Theater is, ideally, an arena for inciting discourse and dialogue about the urgent matters of our day. As someone who “immigrated” to theater as an activist, I have trouble understanding those in this sector who separate art from public policy and social change. For Silk Road Rising, the politics are the point. It’s about creating art that compels us to ponder, question, debate and act. We believe Invasion! does just this for the problem of racial profiling.
Racial profiling operates under the presumed innocence of white people and the presumed guilt of people of color. It establishes tiers of citizenship based solely on appearance. It violates the Constitution’s 14th Amendment, which guarantees equal protection under the law. And in addition to being morally and ethically wrong, racial profiling doesn’t work.
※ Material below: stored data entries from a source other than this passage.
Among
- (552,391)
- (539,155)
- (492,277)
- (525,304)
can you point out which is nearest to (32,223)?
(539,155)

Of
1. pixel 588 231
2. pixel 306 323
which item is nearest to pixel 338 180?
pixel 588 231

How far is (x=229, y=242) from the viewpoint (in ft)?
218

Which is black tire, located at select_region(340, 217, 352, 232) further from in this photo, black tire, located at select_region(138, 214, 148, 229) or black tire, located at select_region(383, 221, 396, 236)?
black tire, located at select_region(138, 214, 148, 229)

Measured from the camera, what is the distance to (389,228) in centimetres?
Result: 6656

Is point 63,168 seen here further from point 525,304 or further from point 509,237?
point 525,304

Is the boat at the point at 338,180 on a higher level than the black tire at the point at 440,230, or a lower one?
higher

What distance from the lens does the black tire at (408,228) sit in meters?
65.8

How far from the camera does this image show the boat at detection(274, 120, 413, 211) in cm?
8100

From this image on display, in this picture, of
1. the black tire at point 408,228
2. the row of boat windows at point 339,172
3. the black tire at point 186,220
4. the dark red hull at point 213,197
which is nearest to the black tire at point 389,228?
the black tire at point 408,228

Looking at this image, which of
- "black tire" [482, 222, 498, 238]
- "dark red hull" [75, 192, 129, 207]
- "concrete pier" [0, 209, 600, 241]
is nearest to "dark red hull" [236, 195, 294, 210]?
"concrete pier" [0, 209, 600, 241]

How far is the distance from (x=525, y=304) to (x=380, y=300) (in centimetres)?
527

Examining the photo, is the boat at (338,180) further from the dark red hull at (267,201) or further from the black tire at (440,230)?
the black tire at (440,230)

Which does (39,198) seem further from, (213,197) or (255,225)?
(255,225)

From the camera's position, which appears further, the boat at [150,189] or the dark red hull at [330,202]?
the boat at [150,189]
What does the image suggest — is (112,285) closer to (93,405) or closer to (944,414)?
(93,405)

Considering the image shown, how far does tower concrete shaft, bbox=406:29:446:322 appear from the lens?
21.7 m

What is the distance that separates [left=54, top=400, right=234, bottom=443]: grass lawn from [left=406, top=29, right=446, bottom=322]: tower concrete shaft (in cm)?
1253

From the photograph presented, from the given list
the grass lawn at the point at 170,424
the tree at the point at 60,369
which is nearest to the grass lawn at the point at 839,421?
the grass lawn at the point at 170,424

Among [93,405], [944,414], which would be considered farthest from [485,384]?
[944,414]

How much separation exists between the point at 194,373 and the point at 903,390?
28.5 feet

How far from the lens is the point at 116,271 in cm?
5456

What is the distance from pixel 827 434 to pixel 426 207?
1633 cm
By shifting suspicion from behavior to race, racial profiling syphons limited resources and distracts law enforcement from doing its job. What does work is good old-fashioned police work — tracking suspicious behavior, gathering evidence, collecting testimonies and building partnerships with communities.
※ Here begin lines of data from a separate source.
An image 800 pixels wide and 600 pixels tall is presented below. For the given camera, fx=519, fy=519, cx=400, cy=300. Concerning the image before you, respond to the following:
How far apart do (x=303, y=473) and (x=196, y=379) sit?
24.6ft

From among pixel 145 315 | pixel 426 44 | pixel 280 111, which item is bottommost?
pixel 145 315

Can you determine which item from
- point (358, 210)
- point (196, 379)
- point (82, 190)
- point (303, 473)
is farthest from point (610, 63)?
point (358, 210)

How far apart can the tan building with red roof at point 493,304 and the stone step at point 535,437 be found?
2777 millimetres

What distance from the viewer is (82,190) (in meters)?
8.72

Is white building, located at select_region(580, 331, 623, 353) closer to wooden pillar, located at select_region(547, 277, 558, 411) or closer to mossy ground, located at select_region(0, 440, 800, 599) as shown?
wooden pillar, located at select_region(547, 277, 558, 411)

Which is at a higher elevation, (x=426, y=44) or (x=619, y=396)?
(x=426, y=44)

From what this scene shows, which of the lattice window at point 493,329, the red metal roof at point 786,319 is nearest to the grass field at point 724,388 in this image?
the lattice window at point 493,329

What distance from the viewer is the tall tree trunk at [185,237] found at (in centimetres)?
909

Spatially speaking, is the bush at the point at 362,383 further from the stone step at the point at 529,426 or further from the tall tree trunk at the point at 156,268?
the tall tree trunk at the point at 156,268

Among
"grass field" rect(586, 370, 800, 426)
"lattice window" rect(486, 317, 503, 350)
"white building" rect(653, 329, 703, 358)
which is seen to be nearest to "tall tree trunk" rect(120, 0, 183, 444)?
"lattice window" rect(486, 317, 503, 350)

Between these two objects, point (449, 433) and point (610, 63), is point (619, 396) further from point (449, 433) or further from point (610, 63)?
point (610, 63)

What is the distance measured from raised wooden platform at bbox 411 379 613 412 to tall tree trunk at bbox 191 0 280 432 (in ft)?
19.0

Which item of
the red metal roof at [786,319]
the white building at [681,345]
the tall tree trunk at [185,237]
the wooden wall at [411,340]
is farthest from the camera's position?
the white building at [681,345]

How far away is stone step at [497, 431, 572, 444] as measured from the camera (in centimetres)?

Nevertheless, this dangerous and long-discredited practice sure has its proponents, particularly when targeting Muslims, African Americans and immigrants. I believe those proponents are speaking from a place of racial and religious animus, not pragmatic problem-solving (lest we forget the internment of Japanese Americans during the Second World War). As artistic leader of a playwright-centric theater, I like to think I know something about language and speech. This may explain my resistance to those who couch this conversation within one about “free speech.” It’s not about the injury and harm caused by racial profiling, it’s about the right to be racist. And we use the presumed “sanctity” of “free speech” to defend our right to be racist. The victims of speech matter infinitely less than the “protection” of speech.
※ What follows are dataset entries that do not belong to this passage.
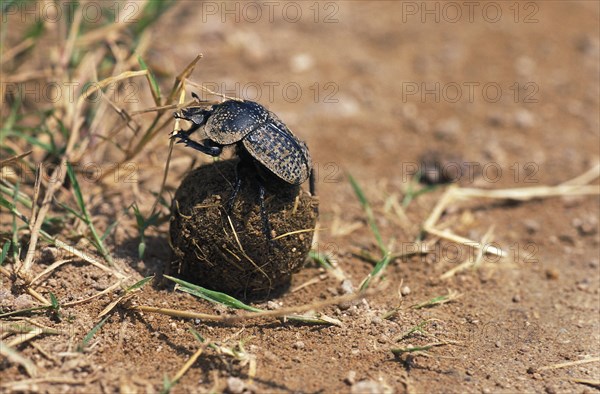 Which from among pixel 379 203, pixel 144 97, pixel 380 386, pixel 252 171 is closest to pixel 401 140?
pixel 379 203

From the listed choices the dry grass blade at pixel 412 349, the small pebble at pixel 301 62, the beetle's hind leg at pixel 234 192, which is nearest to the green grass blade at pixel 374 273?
the dry grass blade at pixel 412 349

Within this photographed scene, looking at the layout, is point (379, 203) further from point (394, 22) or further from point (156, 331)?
point (394, 22)

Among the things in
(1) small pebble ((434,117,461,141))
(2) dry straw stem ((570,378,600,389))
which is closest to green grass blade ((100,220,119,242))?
(2) dry straw stem ((570,378,600,389))

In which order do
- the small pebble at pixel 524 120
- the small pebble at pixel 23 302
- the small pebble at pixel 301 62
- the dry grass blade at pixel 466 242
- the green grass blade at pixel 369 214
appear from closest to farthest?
the small pebble at pixel 23 302
the green grass blade at pixel 369 214
the dry grass blade at pixel 466 242
the small pebble at pixel 524 120
the small pebble at pixel 301 62

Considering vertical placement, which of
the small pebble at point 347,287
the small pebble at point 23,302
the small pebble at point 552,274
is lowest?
the small pebble at point 552,274

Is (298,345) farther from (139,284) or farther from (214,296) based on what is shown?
(139,284)

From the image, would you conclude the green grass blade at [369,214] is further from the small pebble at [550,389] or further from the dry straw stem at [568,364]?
the small pebble at [550,389]

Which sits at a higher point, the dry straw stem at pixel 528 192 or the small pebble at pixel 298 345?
the small pebble at pixel 298 345

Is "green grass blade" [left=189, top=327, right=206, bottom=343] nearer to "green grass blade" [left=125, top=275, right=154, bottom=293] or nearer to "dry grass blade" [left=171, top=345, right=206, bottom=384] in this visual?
"dry grass blade" [left=171, top=345, right=206, bottom=384] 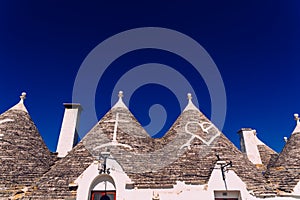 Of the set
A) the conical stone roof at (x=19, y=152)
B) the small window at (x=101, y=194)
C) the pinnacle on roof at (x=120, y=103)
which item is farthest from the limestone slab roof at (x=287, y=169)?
the conical stone roof at (x=19, y=152)

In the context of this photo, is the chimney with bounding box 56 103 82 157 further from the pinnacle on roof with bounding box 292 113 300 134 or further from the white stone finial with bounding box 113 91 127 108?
the pinnacle on roof with bounding box 292 113 300 134

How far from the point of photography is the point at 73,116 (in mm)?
12625

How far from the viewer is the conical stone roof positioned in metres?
8.76

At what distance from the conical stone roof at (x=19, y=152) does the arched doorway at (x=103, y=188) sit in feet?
8.79

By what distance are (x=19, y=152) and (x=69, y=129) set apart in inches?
113

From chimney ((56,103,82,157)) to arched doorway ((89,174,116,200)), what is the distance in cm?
390

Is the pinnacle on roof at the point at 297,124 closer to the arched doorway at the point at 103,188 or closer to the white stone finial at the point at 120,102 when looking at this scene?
the white stone finial at the point at 120,102

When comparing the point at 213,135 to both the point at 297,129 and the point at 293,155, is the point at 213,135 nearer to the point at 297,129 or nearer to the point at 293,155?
the point at 293,155

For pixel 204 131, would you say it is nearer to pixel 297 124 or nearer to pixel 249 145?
pixel 249 145

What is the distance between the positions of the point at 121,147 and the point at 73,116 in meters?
4.34

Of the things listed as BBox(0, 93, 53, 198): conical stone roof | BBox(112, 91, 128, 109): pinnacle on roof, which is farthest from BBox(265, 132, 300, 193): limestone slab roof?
BBox(0, 93, 53, 198): conical stone roof

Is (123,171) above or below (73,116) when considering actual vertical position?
below

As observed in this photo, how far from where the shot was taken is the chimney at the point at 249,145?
12844 mm

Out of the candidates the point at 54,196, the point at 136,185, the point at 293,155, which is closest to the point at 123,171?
the point at 136,185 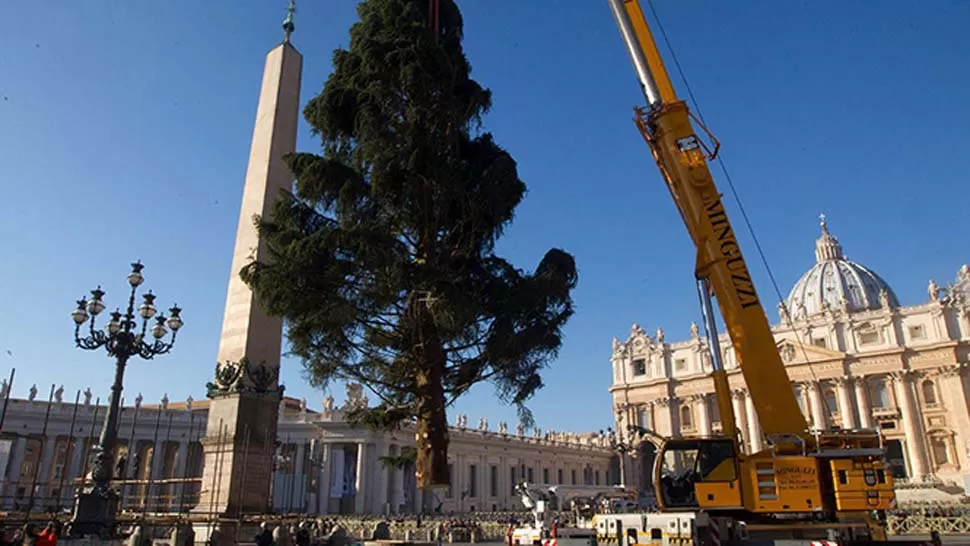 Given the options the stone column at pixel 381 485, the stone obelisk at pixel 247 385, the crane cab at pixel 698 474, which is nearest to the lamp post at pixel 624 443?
the crane cab at pixel 698 474

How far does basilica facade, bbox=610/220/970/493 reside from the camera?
192 ft

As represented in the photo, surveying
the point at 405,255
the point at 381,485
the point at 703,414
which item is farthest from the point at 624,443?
the point at 703,414

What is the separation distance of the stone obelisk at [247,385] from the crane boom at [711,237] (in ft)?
27.4

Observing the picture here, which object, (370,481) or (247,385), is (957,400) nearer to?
(370,481)

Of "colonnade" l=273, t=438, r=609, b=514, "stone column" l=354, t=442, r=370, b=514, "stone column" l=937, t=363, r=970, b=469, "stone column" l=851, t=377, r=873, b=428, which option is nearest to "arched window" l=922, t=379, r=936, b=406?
"stone column" l=937, t=363, r=970, b=469

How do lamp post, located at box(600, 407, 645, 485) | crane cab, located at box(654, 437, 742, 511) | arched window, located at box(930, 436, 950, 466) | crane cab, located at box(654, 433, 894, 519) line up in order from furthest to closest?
arched window, located at box(930, 436, 950, 466), lamp post, located at box(600, 407, 645, 485), crane cab, located at box(654, 437, 742, 511), crane cab, located at box(654, 433, 894, 519)

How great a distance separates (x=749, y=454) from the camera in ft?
35.4

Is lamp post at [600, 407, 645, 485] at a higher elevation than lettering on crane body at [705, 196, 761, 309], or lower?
lower

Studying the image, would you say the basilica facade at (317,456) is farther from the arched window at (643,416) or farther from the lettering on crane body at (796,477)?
the lettering on crane body at (796,477)

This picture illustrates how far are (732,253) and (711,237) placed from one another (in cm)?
47

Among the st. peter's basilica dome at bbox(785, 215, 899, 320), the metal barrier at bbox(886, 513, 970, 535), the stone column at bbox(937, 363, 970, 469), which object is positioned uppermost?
the st. peter's basilica dome at bbox(785, 215, 899, 320)

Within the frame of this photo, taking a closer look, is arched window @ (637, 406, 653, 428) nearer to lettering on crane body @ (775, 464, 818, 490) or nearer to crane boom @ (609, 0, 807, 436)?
crane boom @ (609, 0, 807, 436)

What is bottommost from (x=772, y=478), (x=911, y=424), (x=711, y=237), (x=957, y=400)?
(x=772, y=478)

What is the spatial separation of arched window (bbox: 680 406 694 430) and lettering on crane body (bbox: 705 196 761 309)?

The ideology of racial profiling can exist only through the medium of racist speech. Racism is invented by language. American discourse on free speech is notorious for disentangling the so-called exercise of speech from the responsibilities of speech. Our statements have consequences. Islamophobic and anti-Arab speech (in service of racial profiling or otherwise) causes real harm to real people. We all love the adage about fighting bad speech with more speech, but what if no one can hear you? What if fear prevents you from speaking at all? I love the First Amendment, but even the First Amendment does not promise me speech. It protects me from government prosecution after I have spoken. And it was written solely to protect property-owning white males. Period. It’s ethical interpretation depends entirely on us.
The operative word in “free speech” is “free.” But in America, speech isn’t free. Speech is a commodity. The economics of survival are what determine speech. Speech assumes money and resources and access. We sell, barter, auction, and purchase speech in this country. We then translate that speech into perception and reality. The powerful, high visibility, public proponents of racial profiling know all too well the impact of their speech; as a small theater company with meager resources, we know all too well the limits on our speech. The playing field is nowhere close to level, but we’ll grab ourselves some speech whenever and wherever we can. The memory of Trayvon Martin demands it.